Beginning with the line that holds "Roues de longboard Sector 9 Nineballs 58mm" in the data below, give again every line through the one that holds "NEW Zara Kids Character Sweatpants", exactly as written.

Record excerpts:
★ ★ ★
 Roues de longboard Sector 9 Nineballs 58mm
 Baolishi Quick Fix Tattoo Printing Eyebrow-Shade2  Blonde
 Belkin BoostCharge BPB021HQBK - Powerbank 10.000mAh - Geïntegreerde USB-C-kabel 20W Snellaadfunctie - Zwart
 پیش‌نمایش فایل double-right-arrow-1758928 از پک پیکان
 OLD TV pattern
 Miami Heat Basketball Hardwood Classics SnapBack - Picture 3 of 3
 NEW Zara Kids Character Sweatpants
★ ★ ★
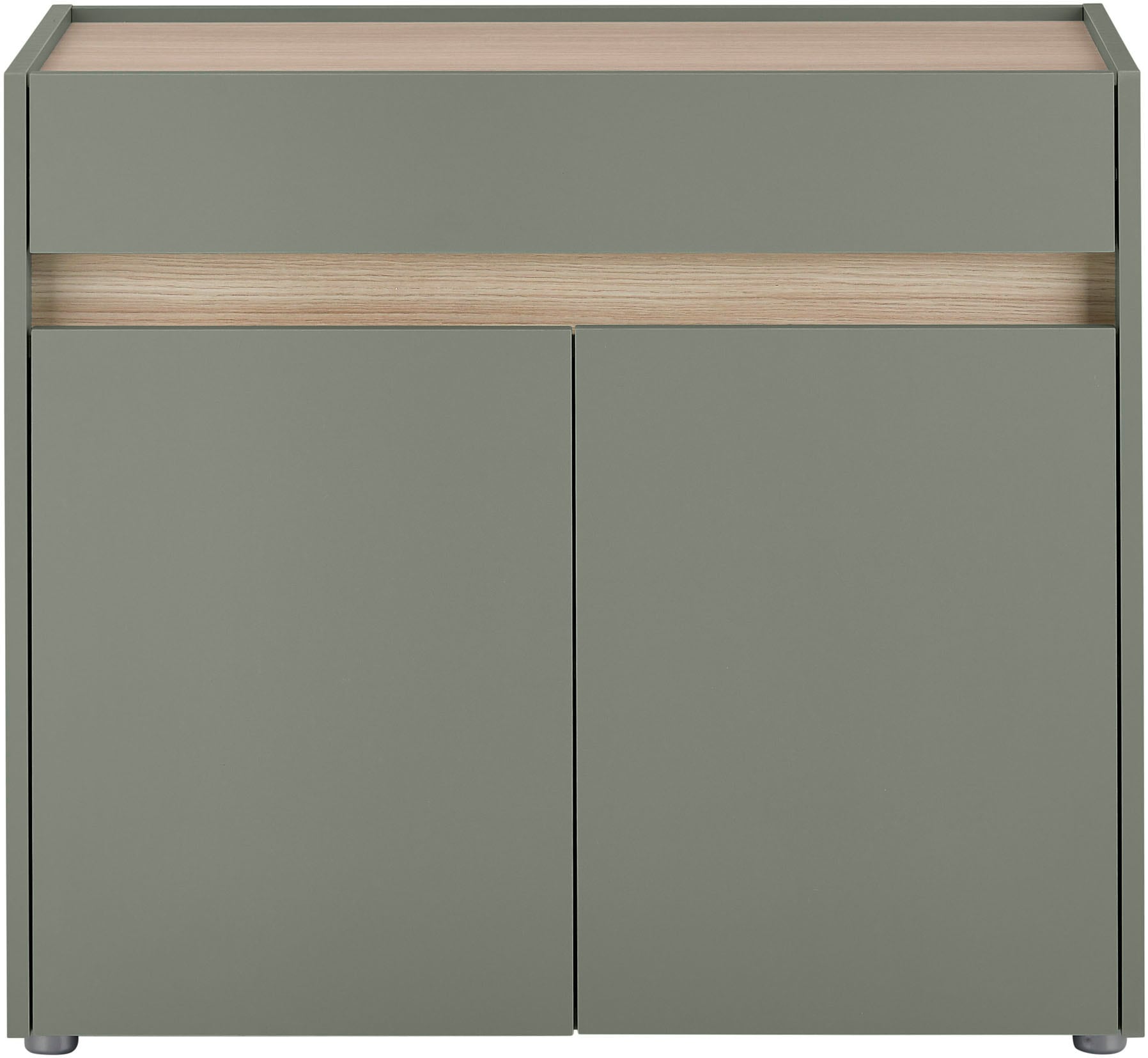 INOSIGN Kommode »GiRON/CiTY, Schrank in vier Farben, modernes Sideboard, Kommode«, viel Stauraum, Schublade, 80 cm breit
★ ★ ★
Answer box:
 Roues de longboard Sector 9 Nineballs 58mm
 Baolishi Quick Fix Tattoo Printing Eyebrow-Shade2  Blonde
 Belkin BoostCharge BPB021HQBK - Powerbank 10.000mAh - Geïntegreerde USB-C-kabel 20W Snellaadfunctie - Zwart
 پیش‌نمایش فایل double-right-arrow-1758928 از پک پیکان
 OLD TV pattern
 Miami Heat Basketball Hardwood Classics SnapBack - Picture 3 of 3
 NEW Zara Kids Character Sweatpants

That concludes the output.